Aufsehen erregte der Spruch „Alte, weiße Männer stinken“, den eine Teilnehmerin einer feministischen Veranstaltung auf eine Pappwand schrieb. Ein älterer Rechtsanwalt und ehemaliger Bundesrichter erstattete Strafanzeige wegen Volksverhetzung. Die Staatsanwaltschaft lehnte die Aufnahme eines Ermittlungsverfahrens ab, Beschwerde und Klageerzwingungsverfahren blieben erfolglos (OLG Nürnberg, Beschluss vom 28.11.2024 – Ws 1076/24). Es fehle insbesondere an einer Eignung zur Friedensgefährdung. Dem kann sicherlich beigepflichtet werden. Nicht jede unangemessene Äußerung ist gleich strafbar. Außerdem stellt sich hier schon die Frage, ob „alte, weiße Männer“ überhaupt eine taugliche „Bevölkerungsgruppe“ im Sinne des § 130 StGB sind und ob die sonstigen Voraussetzungen der Vorschrift erfüllt sind. Mit Blick auf andere Konstellationen ist allerdings auffällig, dass Äußerungen gegen „Weiße“ / „Deutsche“ fast nie als strafwürdig angesehen werden. Wie wäre die Prüfung der Staatsanwaltschaft wohl ausgefallen, wenn es um „schwarze, junge Männer“ gegangen wäre?

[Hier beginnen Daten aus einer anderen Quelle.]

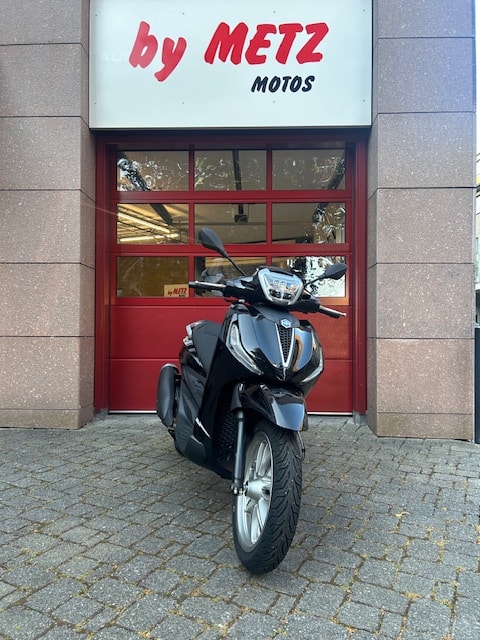 PIAGGIO Beverly 310 E5+
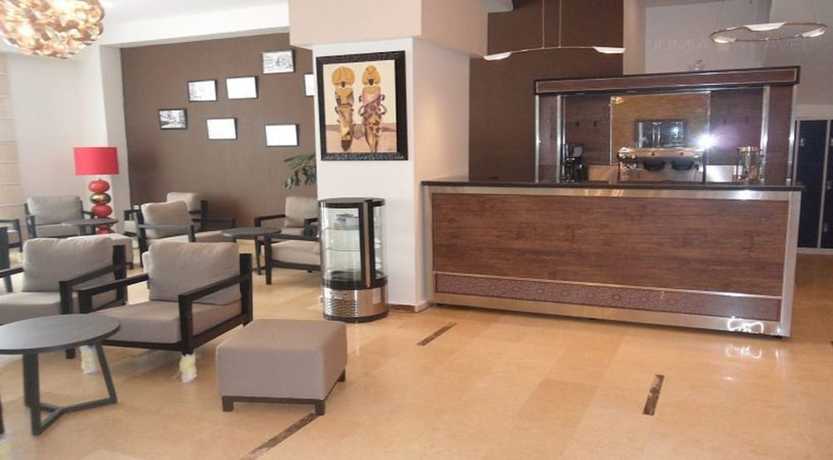 Imagen de los interiores del Hotel H&ocirc;tel Hadil. Foto 20
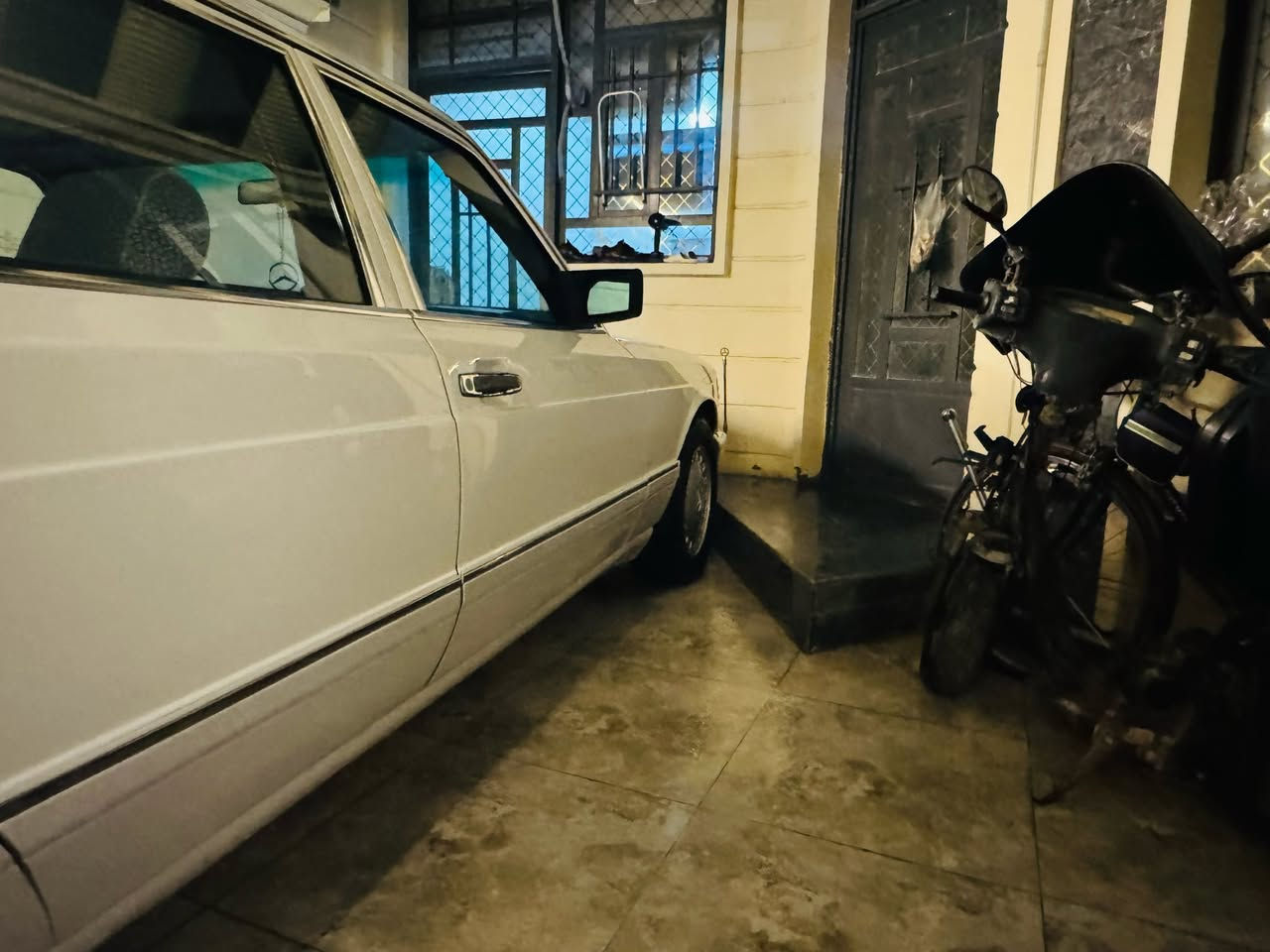 يالله للبيع فقط
مارسدس 300SE

ملاحظه ماتعبجك السياره اعبر المنشور ودعيلنا

دبل هورن اريل كهرباء تلفون شغال ماسحات لايت شغاله سلايت شغال تيبلام خلفي صدر امامي خلفي شرط

ادامه كامله من كلشي معمره تعمير كله شركة بدون شي تجاري دبل فيتم طوارء يشتغل واحد يطفه الثاني 

سيتم صوت +دمام تخم تاير باتري جديد 

لايت لد عالي ناصي منظومه تبريد كله جديد بطل راديتر فريز فان كمبريسر تبريد ثلج 

منظومه بانزين كله جديد +عنكبوت شركة ماملعوب بي 

تخم ستائر كل البوب وجامه خلفيه  

السياره متعوب عليه 

سنويه تنتهي شهر 8/2026 بسمي 

ملاحظه بيه طخه خفيفه بالبدنه الاماميه ومصلحه تصليح حلو 

السياره مغلفه عازل صوت بالكامل 

موديل 1987

تشغيل عن بعد عن طريق الهاتف وعلى الريمونت

السياره رقمه نينوى الجديد

العنوان سامراء

***********

السعر 115 وبيه مجال بسيط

Dementsprechend gingen die Staatsanwaltschaften natürlich gegen Äußerungen vor, die politisch nicht gewünscht waren. Insbesondere in der Corona-Zeit durften viele Bürger spüren, wie hart die Staatsmacht plötzlich durchgreifen konnte, wenn jemand zu laut oder zu offensiv eine unbequeme Äußerung tätigte. Als Kritik gegen den Impfzwang war es eine häufig gesehene Karikatur, dass ein Davidstern mit der Inschrift „ungeimpft“ oder „nicht geimpft“ abgebildet wurde, teilweise mit diversen Umrandungen. Die Staatsanwaltschaften sahen dies fast immer als Volksverhetzung, entweder weil plötzlich alle Juristen derselben Meinung waren oder weil entsprechende Anweisungen von oben kamen. Die (Ober-) Gerichte urteilten unterschiedlich hierüber. Die einen sahen eine Verharmlosung des Holocaust durch den hergestellten Vergleich und bestätigten eine Verurteilung (so etwa OLG Brandenburg, Urteil vom 17.04.2024 – 1 ORs 23/23, differenzierend BayObLG, Beschluss vom 02.07.2024 – 206 StRR 199/24), die anderen gingen von einer Überspitzung der aktuellen Situation aus oder verneinten den Tatbestand aus anderen Gründen und bestätigten die Freisprüche (z.B. OLG Frankfurt a. M., Urteil vom 21.11.2023 – 2 ORs 38/23; OLG Braunschweig, Urteil vom 07.09.2023 – 1 ORs 10/23; OLG Oldenburg, Urteil vom 16.10.2023 – 1 ORs 46/23). Dass die Autoren dieser Äußerungen mit ihren Befürchtungen möglicherweise Recht haben könnten, war leider in keiner Entscheidung zu finden.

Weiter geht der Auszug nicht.